# Unbuntu 10.10 - TTY1 Login not working - HELP!



## Clucky (Jun 4, 2011)

Read 1st post please...

Heres my problem, just recently i tried to access my Ubuntu 10.10 computer, and instead of going to the login screen it pops this up:

[ 8.900128] shpchp 0000:00:01.0: Cannot reserve MMIO region

Ubuntu 10.10 Jesse ttyl

Jesse login: 

From what I have researched, the not reserving MMIO region should just be ignored, however, when i type in my username, it prompts a password, when i type the password no words (in my case numbers, being that my password is all numbers) are displayed on the screen. I have tried using both number pad keys, and normal keys, neither work. I figured, it may not display them for security purposes, but then once i press enter after typing it, it says Login incorrect. I would just restart the operating system, but I am using this computer as a server, and I need the files on it. The computer has done this once before, and I just restarted the OS, but this time I can't afford to do that. Any help would be greatly appreciated, whether it be fixing the operating system, bypassing the login, or just moving the files onto a flash drive to place onto another computer. Please post soon as I greatly need to access this computer as soon as possible.

PS: I'm not an experienced Linux user, so make any instructions easy to understand including where and how to get to programs, locations, websites, or any other source. Thanks



Sincerely,

Jesse

Spec Sheet:

Motherboard: MSI 785GT-E63
Processor: AMD Phenom II x4 840
Memory: 2x 2GB DDR2-800; 1x 1GB DDR2-800
Graphics Card: on-board, check motherboard
Hard Drive: SATA, 7200RPM, 1TB

If you need any other Spec's, please post.


----------



## Clucky (Jun 4, 2011)

Ok posted too soon, I forgot that i changed my username to something else, im having a new problem now:

It goes to another screen, still black.

it says this:


Welcome to Ubuntu
*Documentation: https://help.ubuntu.com/


15 packages can be updated.
12 updates are security updates.

New release 'natty' available.
Run 'do-release-upgrade' to upgrade to it.
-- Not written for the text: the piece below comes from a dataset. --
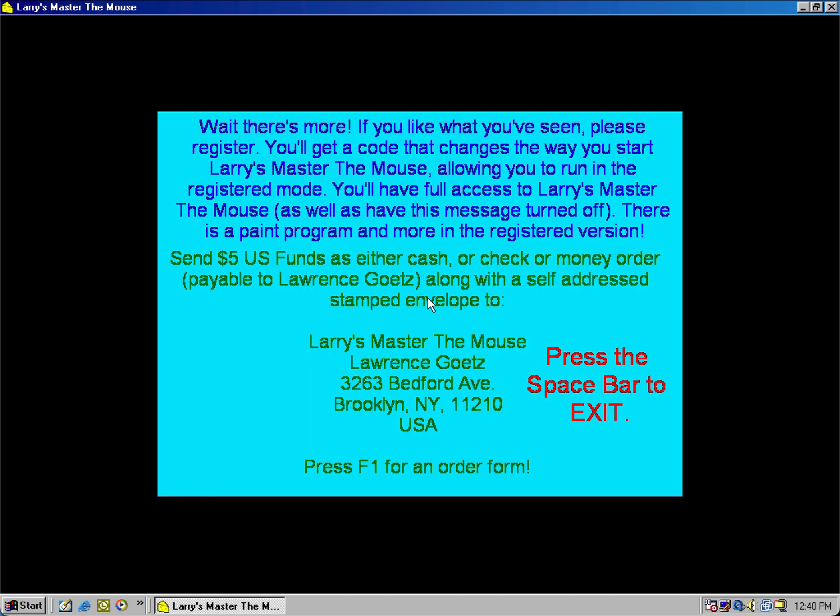I hope you're enjoying using Larry's Master the Mouse. You're encouraged to register it, and by doing so, you'll get added bonuses, such as a paint program, so press F1 for more information.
The programs included with the Ubuntu system are free software;
the exact distribution terms for each program are described in the individual files in /usr/share/doc/*/copyright.

Ubuntu comes with ABSOLUTELY NO WARRANTY, to the extent permitted by applicable law.

[email protected]:~$ 

(clucky being my username, Jesse being my computer's)


----------



## Clucky (Jun 4, 2011)

I removed the new memory stick i just bought and turned on computer and guess what, it worked, now someone tell me how i can avoid this problem again, because i do need more memory


----------



## hal8000 (Dec 23, 2006)

You've made the classic mistake of not reading the manual, in this case your motherboard manual.
Your manual is here:
MSI 785GT-E63 Manual | Manual Pdf - Download Free User Manual Service Repair Instruction Guides

Consult page 2.6
That motherboard will not work with 3 memory sticks, rules are 2 banks or 4 banks only,
also has to be same DDR2 memory, same voltage and same CAS latency.

Solution here is to either run with 2 memory sims in bank 1 and 2 or buy another and fill all 4 slots.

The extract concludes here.